This argument is ridiculously flimsy.

There is much more of a profit motive to secure you as a long-term customer in a business model built around such, than in a single short-term gain that committing a felony and selling your information to a competitor would provide. However, a bitter or angry IT person might more easily be enticed by a competitor to steal and sell your data for a big cash payout.
@RationalGuy

I think you could find corruption and security weaknesses in outsourced companies, as well as your own. So then to me it becomes a matter of control. Do I control the data, or do I let someone else control it? Being a control freak... guess which way I'm leaning.
Hi Rational Guy,

Of course there have been criminals in-house before, but there is a measure of control that can be exerted internally ... from the use of careful hiring practices to how I treat my employees, and the good morale that results from that.

In the worse case, if such criminal behavior is inevitable, then there are mitigating technological actions which may be taken to minimize the data exposure and the subsequent damage

However, once your data is stored elsewhere bu someone else, then you are at the mercy of their security design, their hiring practices, and their morale issues from how they treat their employees (are their disgruntled employees placing me at risk?).

These are all risks that are beyond my control once lazily I pass off the responsibility for my data to someone else.

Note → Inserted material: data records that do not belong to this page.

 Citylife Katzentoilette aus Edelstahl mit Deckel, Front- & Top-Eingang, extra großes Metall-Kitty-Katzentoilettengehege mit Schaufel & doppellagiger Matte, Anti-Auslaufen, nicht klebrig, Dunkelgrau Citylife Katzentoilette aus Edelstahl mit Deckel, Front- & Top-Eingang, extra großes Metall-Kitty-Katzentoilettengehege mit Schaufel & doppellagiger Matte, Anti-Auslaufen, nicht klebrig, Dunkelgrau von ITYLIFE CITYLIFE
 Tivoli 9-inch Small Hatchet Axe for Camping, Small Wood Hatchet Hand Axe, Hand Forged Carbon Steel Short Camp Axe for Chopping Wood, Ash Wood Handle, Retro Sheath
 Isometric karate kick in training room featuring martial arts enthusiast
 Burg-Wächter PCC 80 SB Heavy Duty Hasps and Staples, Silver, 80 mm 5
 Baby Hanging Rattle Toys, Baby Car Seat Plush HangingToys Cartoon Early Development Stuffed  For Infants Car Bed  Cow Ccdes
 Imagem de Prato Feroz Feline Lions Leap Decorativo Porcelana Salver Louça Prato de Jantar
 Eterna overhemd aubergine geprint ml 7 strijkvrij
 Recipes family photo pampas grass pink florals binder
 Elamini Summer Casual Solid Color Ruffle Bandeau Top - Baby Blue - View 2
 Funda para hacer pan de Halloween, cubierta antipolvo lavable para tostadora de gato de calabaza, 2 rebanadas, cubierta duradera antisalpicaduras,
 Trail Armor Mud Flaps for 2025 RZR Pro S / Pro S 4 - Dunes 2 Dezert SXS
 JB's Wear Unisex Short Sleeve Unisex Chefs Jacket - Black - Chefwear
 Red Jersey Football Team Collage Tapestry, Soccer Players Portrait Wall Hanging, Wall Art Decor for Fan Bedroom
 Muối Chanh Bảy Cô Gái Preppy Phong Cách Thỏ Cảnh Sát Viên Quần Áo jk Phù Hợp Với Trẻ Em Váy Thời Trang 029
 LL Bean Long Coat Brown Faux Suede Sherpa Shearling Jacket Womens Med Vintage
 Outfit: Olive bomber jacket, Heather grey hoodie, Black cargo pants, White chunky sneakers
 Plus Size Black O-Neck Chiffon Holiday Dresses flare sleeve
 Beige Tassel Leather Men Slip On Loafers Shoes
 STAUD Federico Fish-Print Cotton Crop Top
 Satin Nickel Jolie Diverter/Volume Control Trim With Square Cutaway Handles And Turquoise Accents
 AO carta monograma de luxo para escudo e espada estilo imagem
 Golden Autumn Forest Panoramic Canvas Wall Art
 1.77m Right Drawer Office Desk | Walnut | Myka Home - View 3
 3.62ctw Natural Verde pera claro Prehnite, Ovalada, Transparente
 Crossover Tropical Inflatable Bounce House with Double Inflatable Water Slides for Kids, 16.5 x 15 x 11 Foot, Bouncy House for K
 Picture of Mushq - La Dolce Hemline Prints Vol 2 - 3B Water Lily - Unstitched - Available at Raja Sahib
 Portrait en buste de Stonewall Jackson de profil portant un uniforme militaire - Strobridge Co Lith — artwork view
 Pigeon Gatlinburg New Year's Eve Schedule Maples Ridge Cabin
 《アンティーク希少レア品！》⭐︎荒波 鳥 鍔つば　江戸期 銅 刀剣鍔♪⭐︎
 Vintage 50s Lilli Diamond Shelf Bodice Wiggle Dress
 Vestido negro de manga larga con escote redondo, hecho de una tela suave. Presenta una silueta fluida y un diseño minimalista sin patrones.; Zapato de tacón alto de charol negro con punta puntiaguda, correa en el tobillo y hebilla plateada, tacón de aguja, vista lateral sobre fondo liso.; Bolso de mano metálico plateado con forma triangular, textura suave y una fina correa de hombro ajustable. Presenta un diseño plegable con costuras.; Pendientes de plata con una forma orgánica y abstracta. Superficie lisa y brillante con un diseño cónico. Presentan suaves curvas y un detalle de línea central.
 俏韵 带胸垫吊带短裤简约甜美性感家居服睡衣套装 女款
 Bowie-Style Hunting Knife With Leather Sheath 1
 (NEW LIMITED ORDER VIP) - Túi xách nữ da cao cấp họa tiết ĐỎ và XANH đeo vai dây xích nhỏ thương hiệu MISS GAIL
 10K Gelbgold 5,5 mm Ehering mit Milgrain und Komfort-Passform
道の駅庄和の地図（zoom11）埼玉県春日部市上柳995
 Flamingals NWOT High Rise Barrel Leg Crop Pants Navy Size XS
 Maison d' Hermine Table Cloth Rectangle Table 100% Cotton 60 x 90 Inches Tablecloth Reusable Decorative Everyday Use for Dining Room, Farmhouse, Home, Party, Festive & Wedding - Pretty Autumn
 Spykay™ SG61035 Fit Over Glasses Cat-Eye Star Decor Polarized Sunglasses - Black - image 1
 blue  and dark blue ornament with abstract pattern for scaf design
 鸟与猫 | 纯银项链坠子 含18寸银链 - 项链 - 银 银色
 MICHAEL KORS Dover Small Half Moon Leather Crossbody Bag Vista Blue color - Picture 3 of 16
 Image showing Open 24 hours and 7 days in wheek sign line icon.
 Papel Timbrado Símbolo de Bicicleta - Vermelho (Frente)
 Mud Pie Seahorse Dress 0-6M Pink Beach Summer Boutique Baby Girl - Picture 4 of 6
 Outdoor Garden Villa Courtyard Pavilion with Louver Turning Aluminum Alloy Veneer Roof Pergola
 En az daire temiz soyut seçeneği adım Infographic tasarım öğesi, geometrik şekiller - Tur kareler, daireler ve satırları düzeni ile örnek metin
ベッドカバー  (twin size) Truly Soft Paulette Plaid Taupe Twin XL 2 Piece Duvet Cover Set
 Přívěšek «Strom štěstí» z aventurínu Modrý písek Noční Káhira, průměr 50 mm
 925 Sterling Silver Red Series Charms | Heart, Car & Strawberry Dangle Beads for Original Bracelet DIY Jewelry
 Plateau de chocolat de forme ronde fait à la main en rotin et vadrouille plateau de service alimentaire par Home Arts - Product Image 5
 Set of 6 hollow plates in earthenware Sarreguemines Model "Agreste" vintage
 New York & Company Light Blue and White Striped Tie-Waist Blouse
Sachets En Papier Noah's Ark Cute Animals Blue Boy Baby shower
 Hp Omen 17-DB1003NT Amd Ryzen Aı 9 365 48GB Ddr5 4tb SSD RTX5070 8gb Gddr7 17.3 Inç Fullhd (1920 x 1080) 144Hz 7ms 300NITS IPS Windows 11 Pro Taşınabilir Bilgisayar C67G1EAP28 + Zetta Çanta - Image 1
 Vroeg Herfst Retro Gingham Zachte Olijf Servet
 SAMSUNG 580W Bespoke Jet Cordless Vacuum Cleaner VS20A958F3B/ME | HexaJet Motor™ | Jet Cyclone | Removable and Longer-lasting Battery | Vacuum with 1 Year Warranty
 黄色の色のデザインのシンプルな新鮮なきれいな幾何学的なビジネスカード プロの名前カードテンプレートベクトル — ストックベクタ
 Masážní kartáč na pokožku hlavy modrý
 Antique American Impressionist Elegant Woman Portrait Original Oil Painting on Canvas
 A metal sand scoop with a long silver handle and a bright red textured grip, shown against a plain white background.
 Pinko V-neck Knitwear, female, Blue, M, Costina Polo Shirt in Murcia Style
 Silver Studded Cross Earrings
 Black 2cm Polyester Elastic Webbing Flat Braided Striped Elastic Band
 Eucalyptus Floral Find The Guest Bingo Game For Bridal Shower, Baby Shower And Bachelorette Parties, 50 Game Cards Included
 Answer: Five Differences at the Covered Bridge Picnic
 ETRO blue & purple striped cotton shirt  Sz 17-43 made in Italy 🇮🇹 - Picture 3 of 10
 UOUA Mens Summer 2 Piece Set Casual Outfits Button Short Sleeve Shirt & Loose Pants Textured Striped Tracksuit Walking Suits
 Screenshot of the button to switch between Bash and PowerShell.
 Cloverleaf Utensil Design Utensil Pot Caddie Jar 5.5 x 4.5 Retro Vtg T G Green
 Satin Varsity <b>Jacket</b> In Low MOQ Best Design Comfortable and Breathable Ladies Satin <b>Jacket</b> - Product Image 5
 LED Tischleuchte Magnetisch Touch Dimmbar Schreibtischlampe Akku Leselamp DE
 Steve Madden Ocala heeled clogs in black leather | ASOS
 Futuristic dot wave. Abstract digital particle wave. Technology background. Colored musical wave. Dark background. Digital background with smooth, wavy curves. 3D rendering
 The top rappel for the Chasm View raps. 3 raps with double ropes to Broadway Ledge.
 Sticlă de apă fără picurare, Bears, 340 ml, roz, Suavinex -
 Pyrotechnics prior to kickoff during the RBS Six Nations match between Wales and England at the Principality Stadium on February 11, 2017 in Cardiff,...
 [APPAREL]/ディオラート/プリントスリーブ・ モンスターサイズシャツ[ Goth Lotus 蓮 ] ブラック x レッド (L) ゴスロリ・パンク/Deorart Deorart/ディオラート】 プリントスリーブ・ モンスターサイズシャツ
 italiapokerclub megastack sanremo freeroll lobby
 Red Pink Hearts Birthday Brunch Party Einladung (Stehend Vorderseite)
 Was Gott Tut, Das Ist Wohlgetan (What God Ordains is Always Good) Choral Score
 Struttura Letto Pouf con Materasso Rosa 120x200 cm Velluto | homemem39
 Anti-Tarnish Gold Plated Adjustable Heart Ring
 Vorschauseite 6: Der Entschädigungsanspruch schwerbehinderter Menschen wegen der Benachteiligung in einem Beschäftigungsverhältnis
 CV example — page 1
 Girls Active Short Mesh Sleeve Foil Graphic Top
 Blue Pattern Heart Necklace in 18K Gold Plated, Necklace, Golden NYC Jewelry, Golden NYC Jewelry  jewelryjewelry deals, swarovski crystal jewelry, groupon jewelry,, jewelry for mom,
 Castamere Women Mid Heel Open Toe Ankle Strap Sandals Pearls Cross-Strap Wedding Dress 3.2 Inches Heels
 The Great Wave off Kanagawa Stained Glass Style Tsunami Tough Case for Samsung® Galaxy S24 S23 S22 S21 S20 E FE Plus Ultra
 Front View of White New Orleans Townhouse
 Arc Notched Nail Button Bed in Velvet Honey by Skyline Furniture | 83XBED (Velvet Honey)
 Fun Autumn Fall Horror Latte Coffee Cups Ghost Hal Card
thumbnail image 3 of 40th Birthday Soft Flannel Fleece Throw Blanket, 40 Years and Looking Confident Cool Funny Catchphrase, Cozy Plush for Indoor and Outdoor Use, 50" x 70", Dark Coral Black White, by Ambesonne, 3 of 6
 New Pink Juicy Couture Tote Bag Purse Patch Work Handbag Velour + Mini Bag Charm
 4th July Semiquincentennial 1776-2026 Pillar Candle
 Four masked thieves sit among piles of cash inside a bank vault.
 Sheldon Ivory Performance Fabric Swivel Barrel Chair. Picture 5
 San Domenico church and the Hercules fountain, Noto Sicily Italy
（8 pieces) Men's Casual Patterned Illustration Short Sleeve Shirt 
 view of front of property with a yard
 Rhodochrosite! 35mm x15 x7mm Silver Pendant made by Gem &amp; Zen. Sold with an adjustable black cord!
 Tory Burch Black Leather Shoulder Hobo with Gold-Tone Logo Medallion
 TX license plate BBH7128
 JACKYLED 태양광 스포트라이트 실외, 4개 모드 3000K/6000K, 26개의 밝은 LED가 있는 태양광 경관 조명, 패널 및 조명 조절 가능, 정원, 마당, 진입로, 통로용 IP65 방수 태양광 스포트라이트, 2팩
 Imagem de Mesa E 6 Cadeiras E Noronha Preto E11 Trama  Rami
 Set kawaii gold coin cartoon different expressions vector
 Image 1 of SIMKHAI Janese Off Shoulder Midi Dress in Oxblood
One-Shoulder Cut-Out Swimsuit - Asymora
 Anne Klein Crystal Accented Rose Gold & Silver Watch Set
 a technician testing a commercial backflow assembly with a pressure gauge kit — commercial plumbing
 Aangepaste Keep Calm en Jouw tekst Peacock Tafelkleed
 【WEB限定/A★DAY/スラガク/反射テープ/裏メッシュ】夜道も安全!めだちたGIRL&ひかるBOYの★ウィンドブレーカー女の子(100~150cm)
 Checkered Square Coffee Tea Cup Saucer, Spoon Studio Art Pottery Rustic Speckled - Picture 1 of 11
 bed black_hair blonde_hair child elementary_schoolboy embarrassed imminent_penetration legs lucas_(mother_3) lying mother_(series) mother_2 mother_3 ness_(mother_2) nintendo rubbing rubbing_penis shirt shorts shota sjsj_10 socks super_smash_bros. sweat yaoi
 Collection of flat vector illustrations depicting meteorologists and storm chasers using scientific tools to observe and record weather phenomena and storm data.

I would prefer to run the minimal risk of an internal mistake rather than the unknown liabilities of an external vendor having the fate of my business in their hands.

All of which doesn't even address issues like real-time access to the data, loss of network connectivity causing a business stoppage, different privacy and data laws governing the location where the provider operates, and the risk of the provider simply going out of business (and leaving me high and dry without either the service or my precious data).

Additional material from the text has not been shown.